Since we are working with real-world data sets, we are not able to present the actual data we used to protect intellectual property. However, we are able to describe the schema of the data in more detail. The trading goods data set has 173 attributes (46 constant, 84 categorical, 23 free text, 18 numerical, 2 date) and 15,904 entries. The spare parts data set also features 173 attributes (111 constant, 37 categorical, 7 free text, 12 numerical, 6 date) and has 92,869 entries. Overall, the trading goods data set has a sparsity of 10.5% and a size of 14.8 MB. The spare parts data set has a sparsity of 61.3%, which results in a size of 64.4 MB. The selected data sets originate from a real-world database and feature some typical challenges like high dimensionality, type mix, special characters and sparsity. It was therefore necessary to pre-process the data for analysis. Suitable methods for mining data quality rules must be able to incorporate these characteristics.

2.4 Data Pre-processing

The data sets we obtained were already pre-processed with simple data transformations and quality enforcements (e.g. type enforcement). Such tasks are usually conducted by the Master Data Management (MDM) system and offered us the possibility to focus on more complex errors.

However, the data sets needed further pre-processing to enable the analysis and ensure efficiency. We started by removing all columns with constant or no values as suggested by [15]. Constant values do not provide any value to the machine learning algorithms and improve the performance of our analysis by limiting the dimensionality of the data sets. As a result, we reduced the trading goods data set to 127 attributes and the spare parts data set to 62 attributes. We furthermore removed certain special characters like commas and semicolons from the free text values, which were hindering the import of the csv source files.

3 Proposed Solution

3.1 Extended Data Migration Process

With our study we want to support the currently manual process for ensuring data quality in data migrations with machine learning (ML) techniques. Therefore, we extended the manual process with a new capability that automatically derives data quality rules from a target data set and applies these to the data sets to be migrated. Following Chiang and Miller, data quality rules “define relationships among a restricted set of attribute values that are expected to be true under a given context” (p. 1166) [8]. Usually, these rules are developed manually by domain and business experts. However, obtaining a complete set of data quality rules is difficult as the process is time-consuming and costly. Additionally, there might be rules present in the data set that the experts are not aware of [8].
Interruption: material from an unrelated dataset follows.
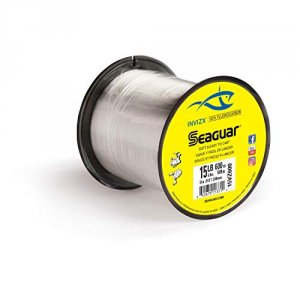 Seaguar 06VZ600 Invizx 600  Flourocarbon Fishing Line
The proposed ‘Data Quality Rule Mining’ component tries to automatically identify such rules and apply them in a data migration. This way we want to reduce the amount of manual data quality checks by providing a hint on potential errors, which leads to reduced cost and better data quality. By extending the current data migration process with the proposed component, we get a new process consisting of four steps (see Fig. 2):

  • Step 1: Using data mining and profiling techniques we derive suitable rules from a target data set on a schema and an instance level. Hereby, we assume that the given data set is correct. Optionally, a human-in-the-loop manually evaluates the derived rules to improve the accuracy of the result.
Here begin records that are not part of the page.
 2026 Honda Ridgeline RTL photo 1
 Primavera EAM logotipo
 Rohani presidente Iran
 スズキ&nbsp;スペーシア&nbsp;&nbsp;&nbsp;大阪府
  • Step 2: The derived data migration rules are implemented as executable rules in a data migration tool.

  • Step 3: During a data migration the migration tool automatically checks if incoming data satisfies the rules. In case a check fails the issue is resolved manually or automatically by the tool.

  • Step 4: Data that passes all checks is migrated to the target data set without further checks.

Fig. 2.
figure 2

The role of mining data quality rules in the data migration process.

3.2 Data Quality Rule Mining

Initial Selection. Since there is a large body of research available on mining and profiling relational data sets, we decided to return to the literature for selecting suitable methods for data quality rule generation. Several survey and overview papers in the domains of data mining and data profiling discuss potential approaches [1, 2, 8, 10, 12, 19]. Following the requirement of PharmCo we can distinguish these methods between the schema and instance levels [19] and the dimensionality of a potential rule [2]. In terms of dimensionality, Abedjan et al. separate data profiling tasks in single-column, multi-column and dependency tasks [2]. In our case, we are only interested in multi-column and dependencies.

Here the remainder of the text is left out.